WELLSVILLE — Hope, a 10-year-old Missouri Fox Trotter, knows what it’s like to suffer abuse at the hands of people.
Before Tracy MacCarthy of North Ogden bought her two weeks ago, Hope’s owners “hung on her face” and also broke some of her teeth, MacCarthy said.
Now, Hope is learning to trust people again, and that’s why MacCarthy brought her out to the Hunsaker Arena over the weekend to see a veteran horse competitor and instructor.
“She really wants to please and learn,” MacCarthy said. “But she just doesn’t know what’s expected of her, and so she gets afraid.”

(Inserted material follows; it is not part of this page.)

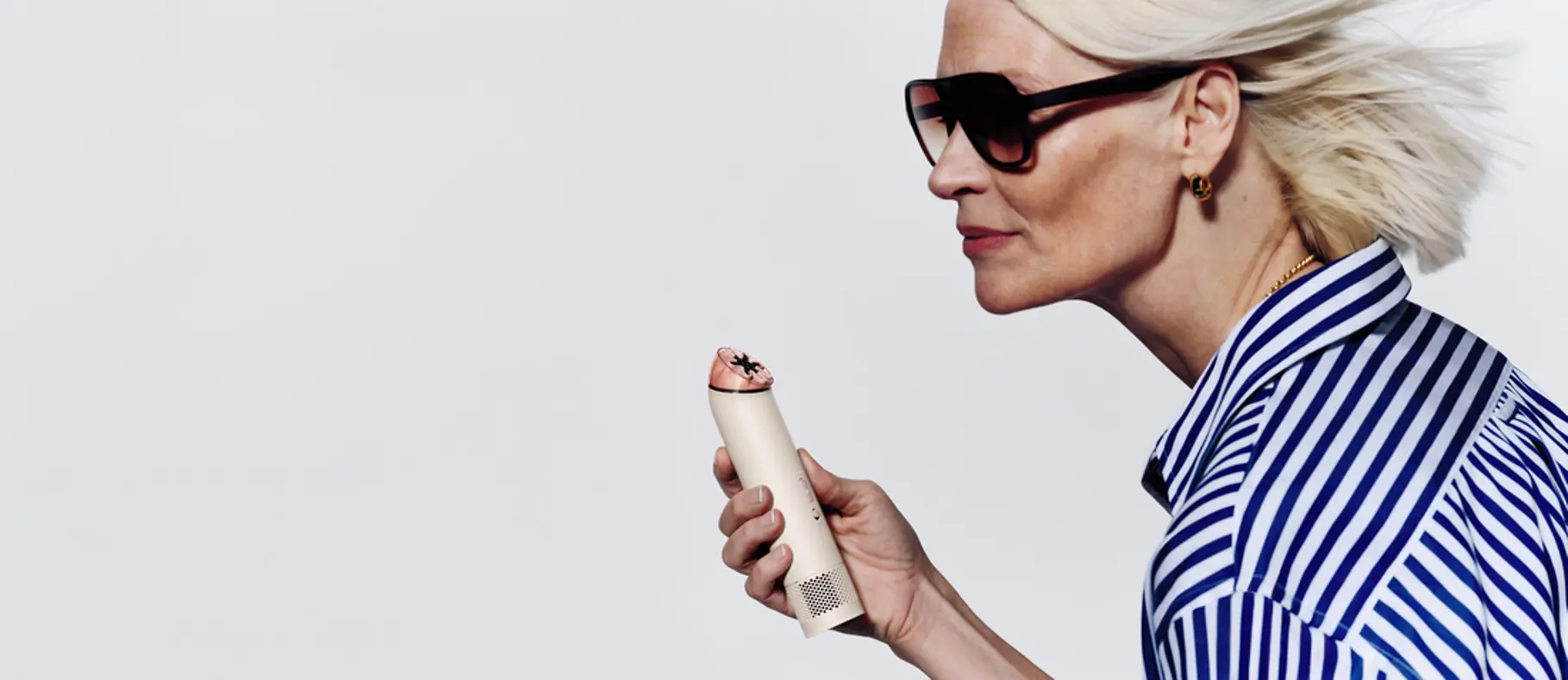 Dyson HushJet Mini Cool Fan ile Yaz Serin Geçecek 3 PF01 PPIBPITRCOR 037 RGB InUse Talent Woman Sunglasses SideOn A0 MONO.webp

Hope and MacCarthy were part of a small group of riders and horses that showed up for a two-day workshop with Vaughn Knudsen, a Nevada horseman who has competed professionally and teaches people all over the United States about them.
In an interview, Knudsen said his aim during the workshops in Wellsville was to teach people how to form a connection with their horse.
“For a horse to become willing, compatible, make a connection with you all comes from free agency and giving them a choice … of which direction to go,” he said.
In order to do that, Knudsen said riders must apply a basic formula of action — one that involves a stimulus, a response and a reward.
A stimulus can range from the rider’s upper body movements to the use of tools like a riding crop. But Knudsen said stimuli “doesn’t have to be irritating.”
If a horse does not agree with the rider, Knudsen said, they can keep applying the stimulus until the animal agrees.
“Keep applying the stimulus until the horse chooses — see, there’s that free agency — to get the correct response,” he said.
The “reward” for the horse once it does what the rider wants is to release the stimulus.
“The horse wants to feel safe … they want that more than anything else in this world,” Knudsen said. “If there’s no stimulus, they feel safe.”
Providing a stimulus is not counter-intuitive to building a good relationship with a horse, he added.
“When you dance, one has to lead, one has to follow,” Knudsen said. “Neither one is more important than the other.”
Knudsen said it’s important for people to realize horses don’t think like they do.
“The reason is, one’s a prey, one’s a predator,” he said. “What we’ve got to do is get a person to think the way a horse does.”
Wendy Kunz, a member of the Cache County Sheriff’s Mounted Posse who participated in the workshop with Knudsen, echoed his comments.
“One of our big things is … We have to be able to understand a horse for our horse to understand us,” she said.
MacCarthy is one of those people who is working to understand her horse.
For the first few days, she did did not go riding with Hope becayse of the horse’s abusive past. Instead, she spent time talking with and petting her, “letting her know that she was safe.”
“She got to the point where she started to respond to my name, she listened for my truck,” MacCarthy said. “I know she’s starting to trust me.”
Lately, the two have begun trail riding.
“She doesn’t quite know what I’m asking of her yet, but she’s learning very fast,” MacCarthy said.
Workshops like the ones Knudsen put on are helpful, MacCarthy said.
“I know over the next two days, she’s going to get even better and better,” MacCarthy said. “Just to have Vaughn work with her just like that for the time that he did was absolutely amazing.”
When riders gain a trusting, understanding relationship with their horse, “magic” occurs, according to Kunz.
“It’s a ballet between a person and their horse,” she said. “When they’re connected, it’s probably one of the most beautiful things.”